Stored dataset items
━━━━━━
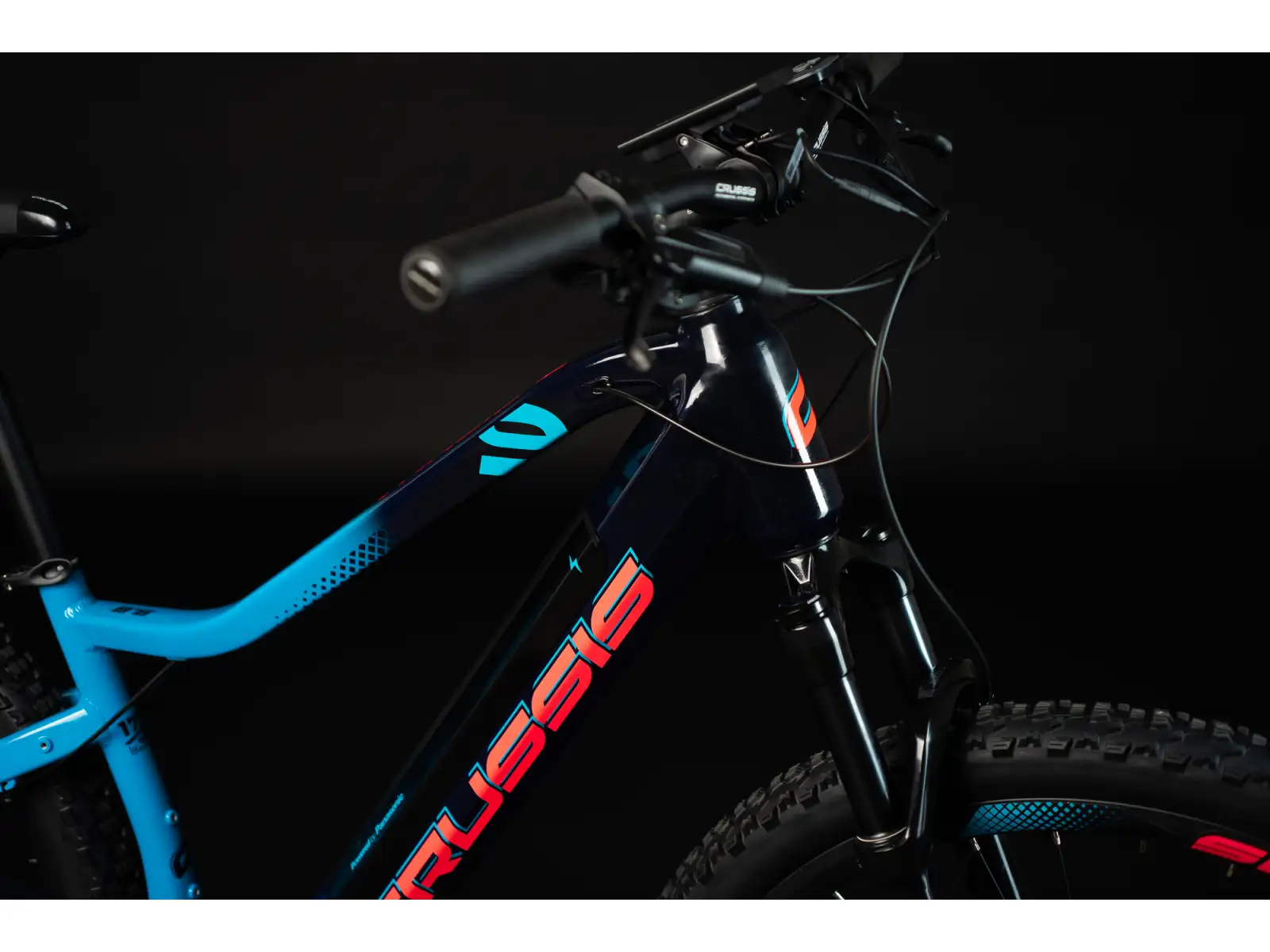 Crussis e-Fionna 9.8-S horský elektrobicykel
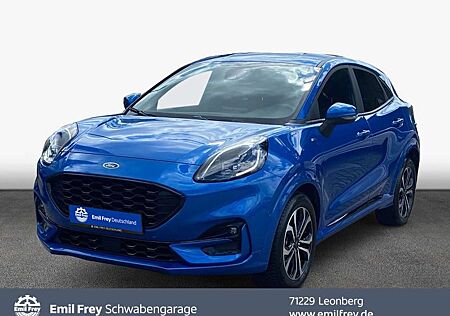 Ford Puma 1.0 Hybrid Aut. ST-LINE *ACC *RFK *PDC *WINTE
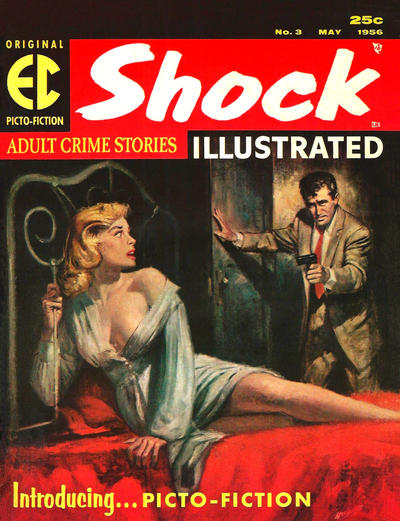 Shock Illustrated #3 (1956)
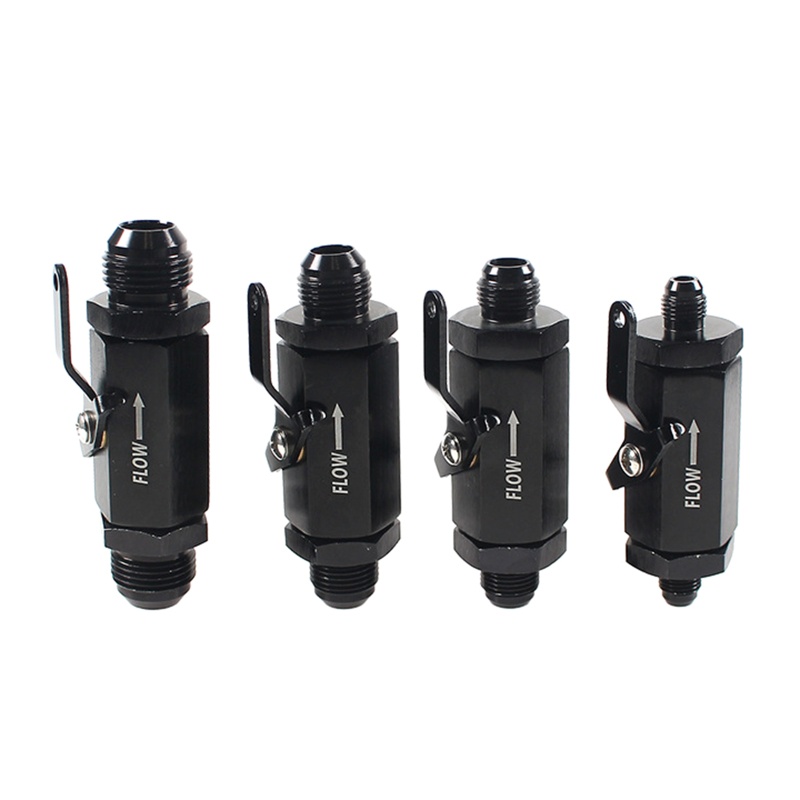 Van Lọc Nhiên Liệu Một Chiều Bằng Nhôm Không Trở Lại Kèm Dây Cáp L Cho Xe SUV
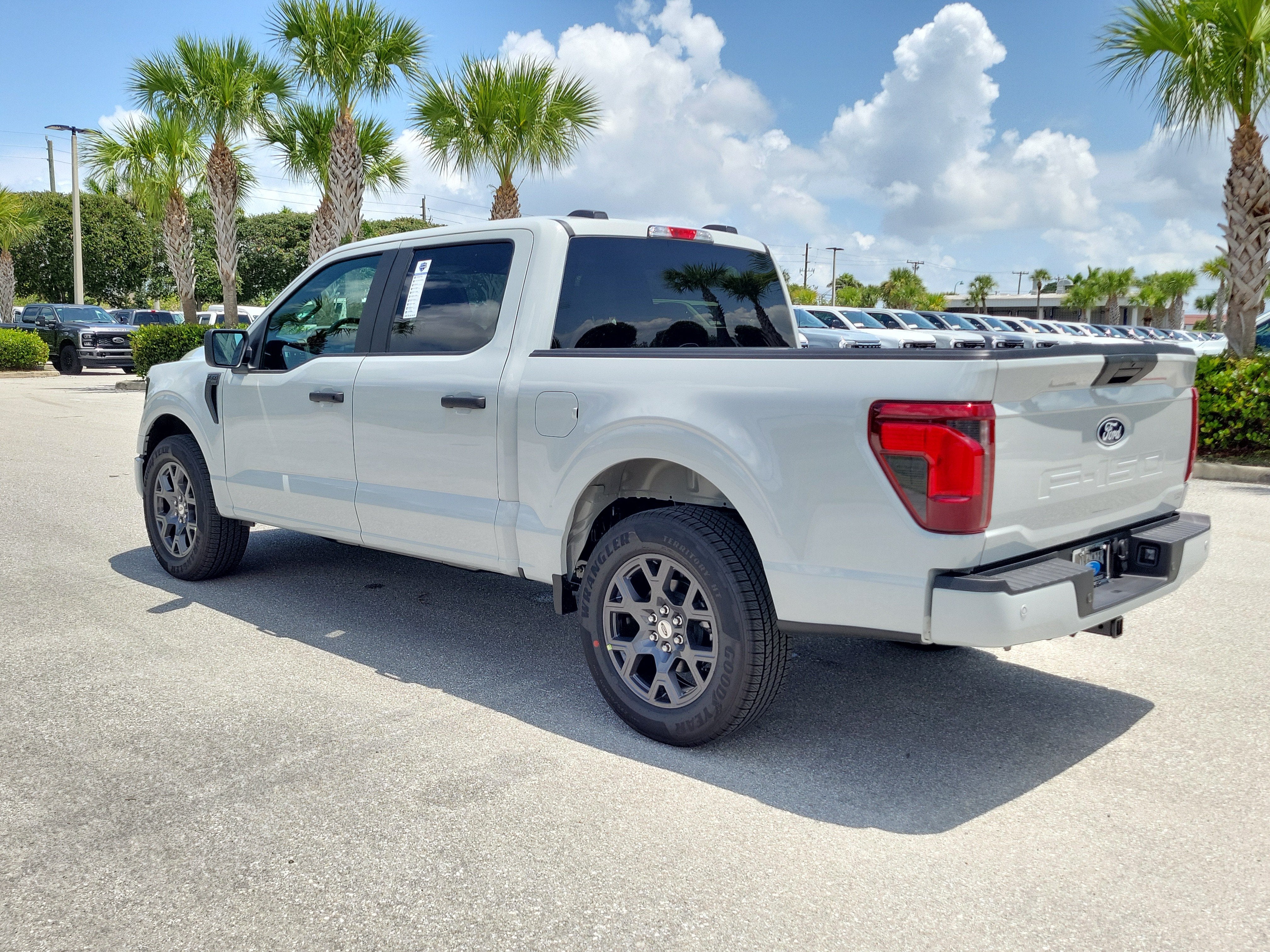 2026 Ford F-150 STX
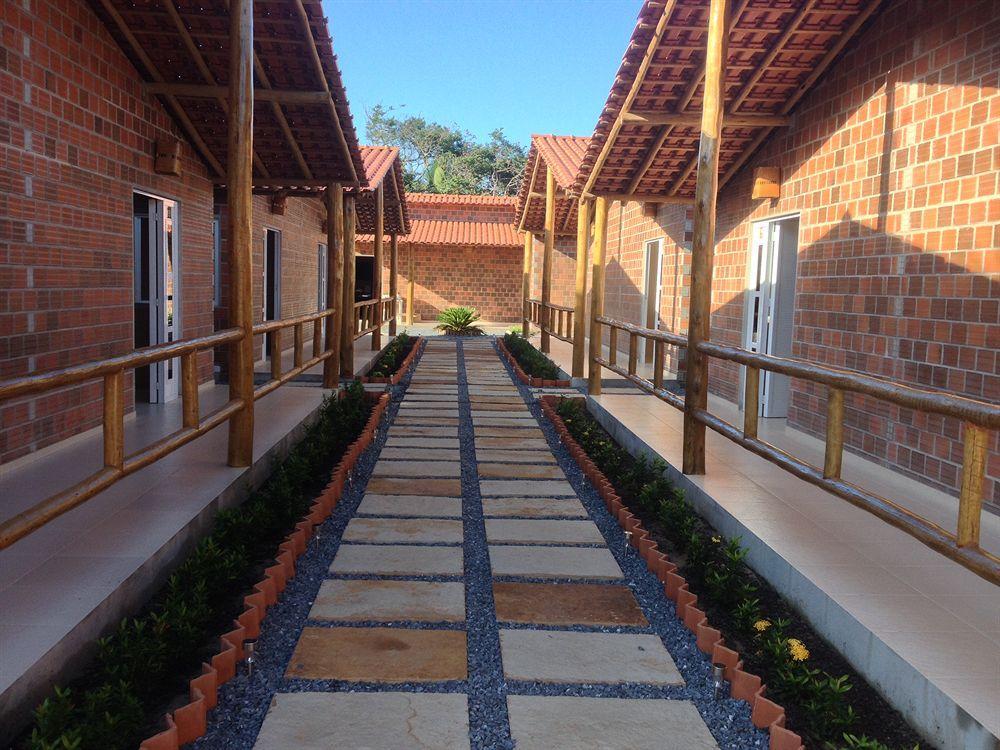 Pousada Baluarte Tutoia Exterior photo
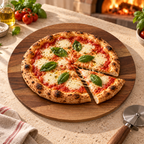 Podloga za pizzu fi 340 mm x 15 mm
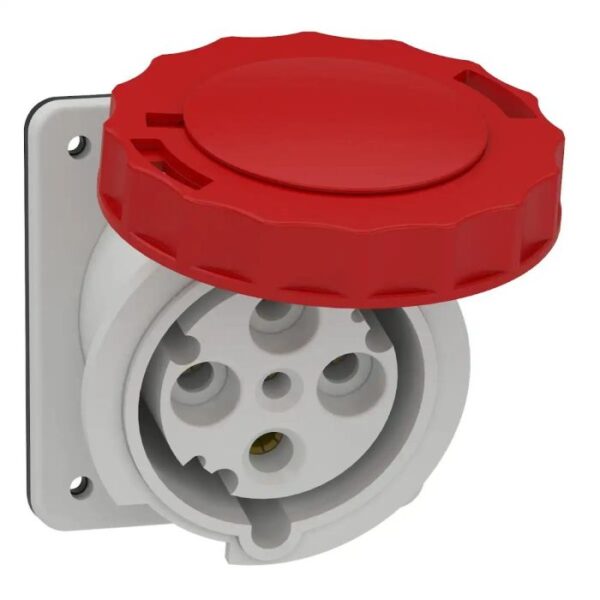 81282 | SOCLE PRISE ENC. INC. 63A 3PT 380-415V I - Schneider Electric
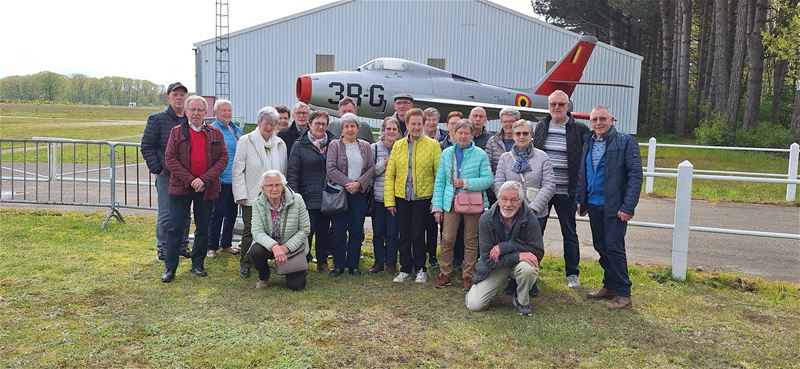 Okra Zolder bezocht Liberation Garden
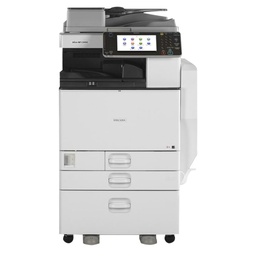 [CRMPC3502] FOTOCOPIADORA MULTIFUNCIONAL MODELO MPC3502, LÁSER E IMPRESIÓN ELECTROFOTOGRÁFICA,USB 2.0, ETHERNET LAN, INALÁMBRICA, BLUETOOTH, 35 PPM, COLOR , MARCA RICOH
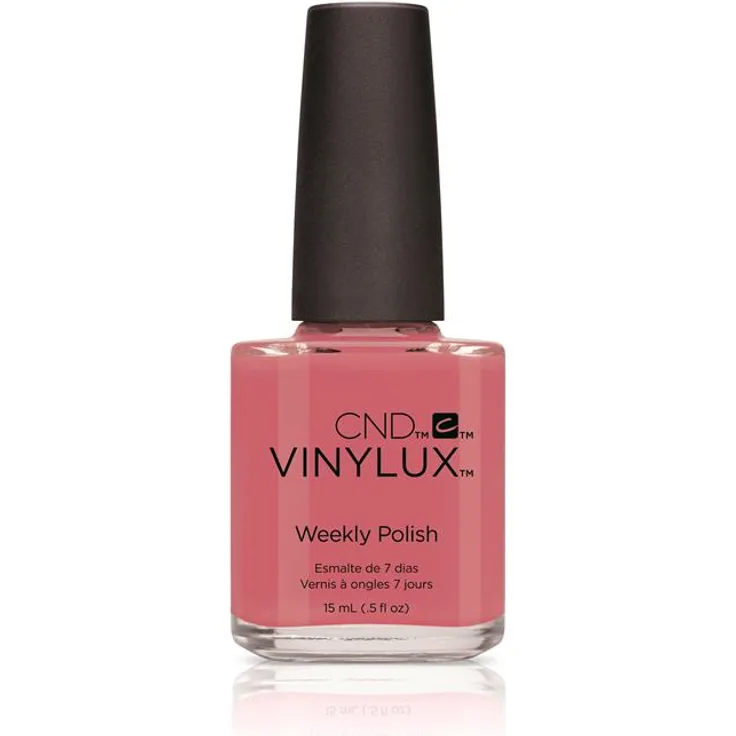 CND Vinylux Weekly Polish #266 Rose Bud 15 ml, Farbton: Rosa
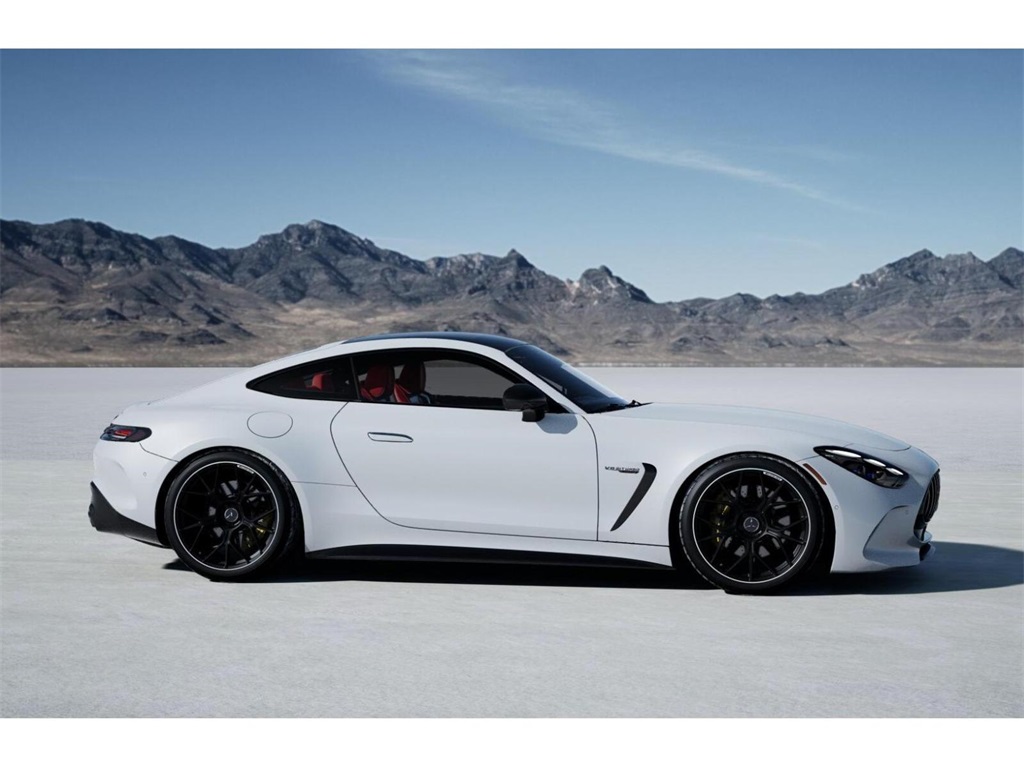2025 Mercedes Benz AMG GT GT 55 photo 15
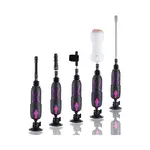 KIT accessori di lusso per lui Premium KlicLok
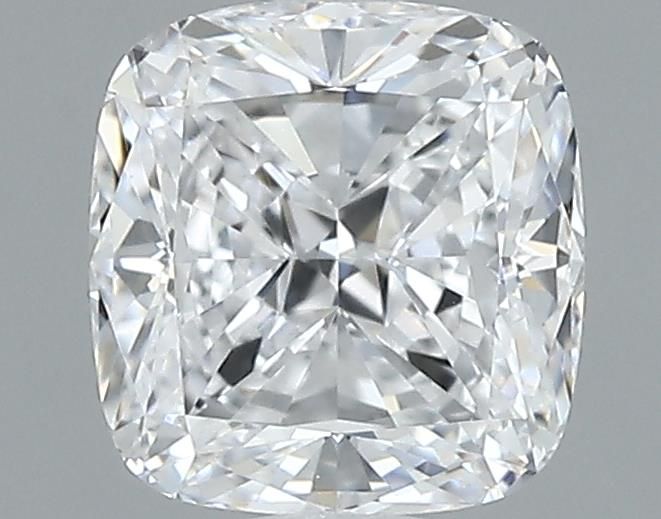 1ct Cushion D VS1 Natural Diamond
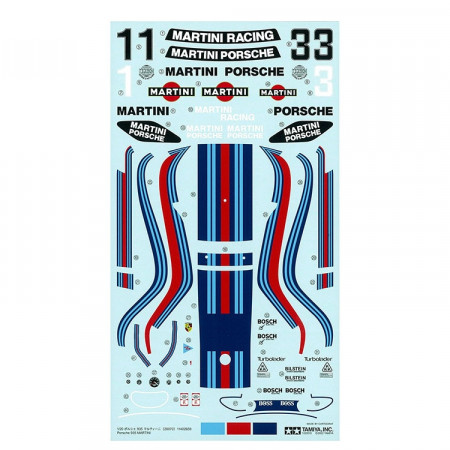 Tamiya 1:20 Porsche 935 Martini ( THC 20070)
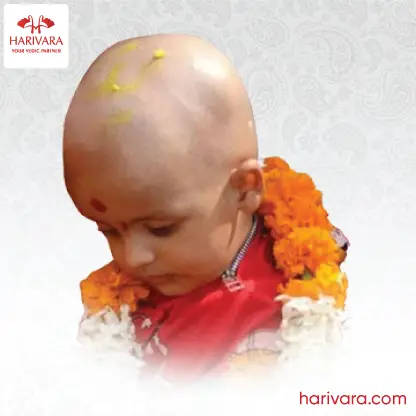 Janma Chuti Poka (Mundan)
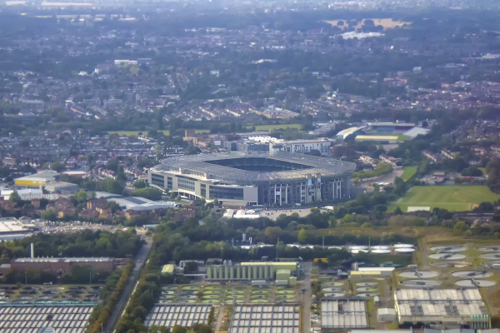 Soar for Skylarks over the Allianz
━━━━━━
- **WHAT THE EXERCISE ASKS**
Please copy out from the data above, without any picture, exactly the lines running from the one that holds "Pousada Baluarte Tutoia Exterior photo" through the one that holds "Okra Zolder bezocht Liberation Garden", and nothing beyond them.

- **RESPONSE TO THIS TASK**
 Pousada Baluarte Tutoia Exterior photo
 Podloga za pizzu fi 340 mm x 15 mm
 81282 | SOCLE PRISE ENC. INC. 63A 3PT 380-415V I - Schneider Electric
 Okra Zolder bezocht Liberation Garden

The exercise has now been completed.